‘Everyone can be better,’ says Oilers captain Connor McDavid of 0-3 start

   

From making Darnell Nurse a forward, to firing the coach and everything in between, Edmonton Oilers fans are already seething with frustration early in the 2024-25 season, and rightly so.

Coming off a Game 7 loss in the Stanley Cup Finals, the expectations for the start of the year were the opposite of what it’s been — an 0-3, lifeless skid losing to the Winnipeg JetsChicago Blackhawks and on Sunday night, their provincial rival Calgary Flames. The first BoA of the year seemed like it was going to get off on the right foot.

Just 1:16 into the game, Jeff Skinner opened up the scoring after being bumped up to the top line alongside Connor McDavid and Zach Hyman. “Finally,” the collective fan base thought. Jokes on them, as after 60, the Oilers looked up at the scoreboard and saw a 4-1 loss.

“I’m sure there’s lots of ways to explain it, but ultimately, it hasn’t been good enough, ultimately it hasn’t been good enough, I’ve said that numerous times,” said Oilers captain Connor McDavid after the loss. “Up and down the lineup, myself first and foremost, everyone can be better and everyone will be better.

“I think it starts (with) your habits in practice. I think we can be better there, too — be better all over.”

Now outscored 15-3 through the first three games of the season, the Oilers look nothing like they hoped. Some of it falls on the organization as a whole, as the team had a hapless, boring pre-season in which they went 3-5, getting outscored at a two-to-one clip. While there’s benefit in seeing what you have in players from an organizational perspective, wouldn’t it be fair to say that for a team like these Oilers, getting ready to go for night one of the regular season is more important?

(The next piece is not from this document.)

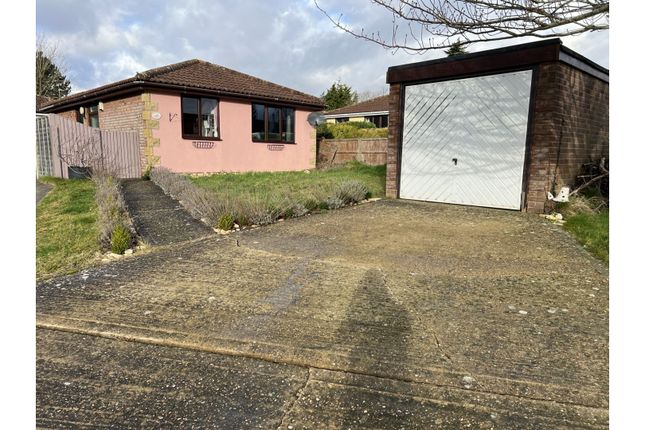Detached bungalow for sale in Villa Close, Lincoln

After all, this is a Cup-or-bust team with aspirations of finding that extra goal in Game 7. They’re not the Oilers of yesteryear wallowing at the bottom of the standings.

What’s clear now, three games into the season, is that the team is nowhere near where their game needs to be.

It’s not like they can’t turn it on, either. This isn’t a bunch of players who don’t know what they’re doing in the big picture. After all, they rebounded last year in a big way, and overcame series deficits to the Vancouver Canucks, Dallas Stars and the Florida Panthers, coming back from a 3-0 hole in the Cup Finals to force a winner-take-all.

“I think if we had the answer, we wouldn’t be sitting here at 0-3,” said Oilers defenceman Darnell Nurse. “It’s up to us as a veteran group, guys who have been in different spots in this league, to work our way out of it.

“Every time we’ve been in a tough spot here over the last few years, we’ve put our heads down and just worked and take it one day at a time, and that’s the approach we’ve gotta take.”

The beauty of the sport of hockey is that the numbers are still well on the Oilers’ side. Regular seasons are 82 games long, and the final standings aren’t decided for months and months and months. Neither are the final stat counts, which show the Oilers scoring on an unfathomably low 3.23 percent of their shots, the lowest in the entire league.

They shot at an 10.6 percent clip last year, and as Oilersnation’s NHL_Sid pointed out, no team has ever shot lower than 6.9 percent over a full year. The Oilers, even stuck in the Decade of Darkness, saw their lowest shooting percentage at 8.3 percent in 2014-15. If through these three games the Oilers shot at the same 10.6 percent rate they did last year, they already would’ve scored 10 goals on the year.

It will come, but that doesn’t mean these early days don’t sting.

Edmonton’s October schedule will continue Tuesday hosting the Philadelphia Flyers, before a two-game road trip takes them to Nashville next Thursday, and Dallas next Saturday.